For all your multi-sensory needs (or at least the ones involving vision and audition)…
La Lontananza Nostalgica Utopica Futura on film
Miranda Cuckson and I have collaborated on performances of Luigi Nono’s landmark composition La Lontananza Nostalgica Utopica Futura (1989), for violin and electronics, since 2011. In 2020, we worked with a pair of Miranda’s colleagues in the American Modern Opera Company (AMOC), director/choreographer/dancer Zack Winokur and choreographer/dancer Julia Eichten, to explore the ideas about movement, space, and distance inherent in Nono’s conception, and to develop a subtly staged version of the piece. As part of that process, Miranda memorized some forty-plus minutes of challenging violin music, along with a substantial vocabulary of movement. (I, on the other hand, continue to sit very still at the electronics, in keeping with a role that I understand to include serving as a kind of model listener for the unfolding music).
Our first opportunity to perform this new interpretation was at the Clark Museum in Williamstown, MA, in August 2020. As part of our week at the Clark, Rafe Scobey-Thal recorded several rehearsals. The film he created from that material is not so much a document of the performance as it is an additional layer of visual interpretation. Each of the six sections of Nono’s music is presented through a distinct style of camerawork and editing, and the outdoor setting, the sounds of the natural environment, and the changing daylight feature prominently in the finished production. AMOC is making the film freely available online through February, and the link includes some additional commentary by Miranda and I about Nono’s music and our collaboration.
This is also an opportunity to mention that Miranda has a released a lovely new album, VILÁG, featuring works by Béla Bartók, Franco Donatoni, and Manfred Stahnke, along with new compositions by Stewart Goodyear and Aida Shirazi. Miranda’s playing is impeccable, and I strongly encourage you to give it a listen.
The Algorithm with Network for New Music
In my last newsletter I described work on an upcoming structured-improvisation project titled The Algorithm. The premiere of that work is now fast approaching, with performances in Philadelphia on February 26 and 27th. (The link includes complete details and ticketing). I’m grateful to Network for New Music for commissioning and presenting this project, and very much looking forward to working with Chelsea Meynig (flute), Tom Piercy (clarinet), Carlos Santiago (violin), and Tom Kraines (cello) on the performances.
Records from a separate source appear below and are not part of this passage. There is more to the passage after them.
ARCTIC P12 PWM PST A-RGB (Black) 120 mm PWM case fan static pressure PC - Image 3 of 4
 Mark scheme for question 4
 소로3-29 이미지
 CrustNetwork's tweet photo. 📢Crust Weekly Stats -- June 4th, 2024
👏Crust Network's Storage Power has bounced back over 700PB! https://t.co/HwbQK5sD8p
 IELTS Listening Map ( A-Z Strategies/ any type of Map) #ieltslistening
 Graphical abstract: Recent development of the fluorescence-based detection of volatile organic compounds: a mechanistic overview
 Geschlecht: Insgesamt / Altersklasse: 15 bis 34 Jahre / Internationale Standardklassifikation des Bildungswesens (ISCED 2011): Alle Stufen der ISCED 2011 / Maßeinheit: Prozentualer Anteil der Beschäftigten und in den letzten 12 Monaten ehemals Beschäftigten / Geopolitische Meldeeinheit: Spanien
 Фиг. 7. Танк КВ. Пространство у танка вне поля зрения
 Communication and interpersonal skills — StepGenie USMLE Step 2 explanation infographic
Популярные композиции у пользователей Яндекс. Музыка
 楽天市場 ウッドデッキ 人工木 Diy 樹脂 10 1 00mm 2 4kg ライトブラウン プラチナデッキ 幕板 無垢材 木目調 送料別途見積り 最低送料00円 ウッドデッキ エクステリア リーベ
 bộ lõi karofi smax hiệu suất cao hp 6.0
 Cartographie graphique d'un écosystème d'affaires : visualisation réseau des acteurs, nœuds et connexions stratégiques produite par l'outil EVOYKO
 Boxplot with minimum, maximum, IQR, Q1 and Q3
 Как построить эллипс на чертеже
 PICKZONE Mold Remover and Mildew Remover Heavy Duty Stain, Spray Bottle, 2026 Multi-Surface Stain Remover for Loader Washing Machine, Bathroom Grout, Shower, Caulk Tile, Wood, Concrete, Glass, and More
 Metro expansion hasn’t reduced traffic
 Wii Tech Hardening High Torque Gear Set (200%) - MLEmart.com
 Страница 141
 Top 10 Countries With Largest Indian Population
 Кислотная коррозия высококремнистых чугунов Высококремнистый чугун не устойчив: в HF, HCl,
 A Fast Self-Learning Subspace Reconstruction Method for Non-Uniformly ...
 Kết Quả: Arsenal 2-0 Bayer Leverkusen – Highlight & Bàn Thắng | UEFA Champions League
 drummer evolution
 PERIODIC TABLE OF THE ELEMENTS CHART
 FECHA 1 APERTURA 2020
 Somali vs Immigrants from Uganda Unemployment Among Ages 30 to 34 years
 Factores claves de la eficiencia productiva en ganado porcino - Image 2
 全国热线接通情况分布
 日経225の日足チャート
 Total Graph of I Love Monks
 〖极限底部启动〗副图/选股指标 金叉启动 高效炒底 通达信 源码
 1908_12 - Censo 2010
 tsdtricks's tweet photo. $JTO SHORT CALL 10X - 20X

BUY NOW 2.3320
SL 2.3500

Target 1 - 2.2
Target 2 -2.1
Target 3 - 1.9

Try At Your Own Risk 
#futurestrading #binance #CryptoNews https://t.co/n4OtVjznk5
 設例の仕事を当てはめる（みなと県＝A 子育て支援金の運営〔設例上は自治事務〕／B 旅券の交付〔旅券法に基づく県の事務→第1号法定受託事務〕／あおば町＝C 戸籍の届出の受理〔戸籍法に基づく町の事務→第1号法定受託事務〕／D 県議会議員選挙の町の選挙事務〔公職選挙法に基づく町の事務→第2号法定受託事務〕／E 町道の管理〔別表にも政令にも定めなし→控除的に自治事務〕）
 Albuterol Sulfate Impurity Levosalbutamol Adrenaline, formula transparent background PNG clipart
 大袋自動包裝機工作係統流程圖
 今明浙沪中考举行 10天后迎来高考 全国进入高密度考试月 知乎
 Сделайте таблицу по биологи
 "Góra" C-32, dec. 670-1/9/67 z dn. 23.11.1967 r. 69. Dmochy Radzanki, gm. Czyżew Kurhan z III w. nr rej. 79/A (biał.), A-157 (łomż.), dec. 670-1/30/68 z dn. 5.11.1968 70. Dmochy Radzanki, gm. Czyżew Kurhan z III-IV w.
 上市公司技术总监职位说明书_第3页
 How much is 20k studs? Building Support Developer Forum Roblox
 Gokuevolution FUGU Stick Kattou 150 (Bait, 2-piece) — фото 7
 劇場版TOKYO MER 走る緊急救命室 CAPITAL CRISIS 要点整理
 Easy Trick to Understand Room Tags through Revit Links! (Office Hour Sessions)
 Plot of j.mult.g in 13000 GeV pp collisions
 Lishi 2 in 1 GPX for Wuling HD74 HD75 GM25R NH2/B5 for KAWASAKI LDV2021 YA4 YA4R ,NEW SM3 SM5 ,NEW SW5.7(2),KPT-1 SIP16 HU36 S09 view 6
The core of The Algorithm is a software program which can generate a near-infinite sequence of four-page scores, integrating text and graphics that serve as prompts for, and constraints upon, improvised performance. There are three ways I’m thinking about this:
as a continuation of my work exploring approaches to music-making which combine aspects of clear compositional signature with improvisational imagination and freedom;
as a way to articulate, encode, and examine some of my personal aesthetic preferences and strategies, and to investigate their possibilities and limits as they are near-endlessly recombined via software; and
as a commentary about the ubiquity of algorithms in contemporary society, and particularly the negative consequences of tools which serve to deflect transparency and accountability even as they amplify falsehood and bias.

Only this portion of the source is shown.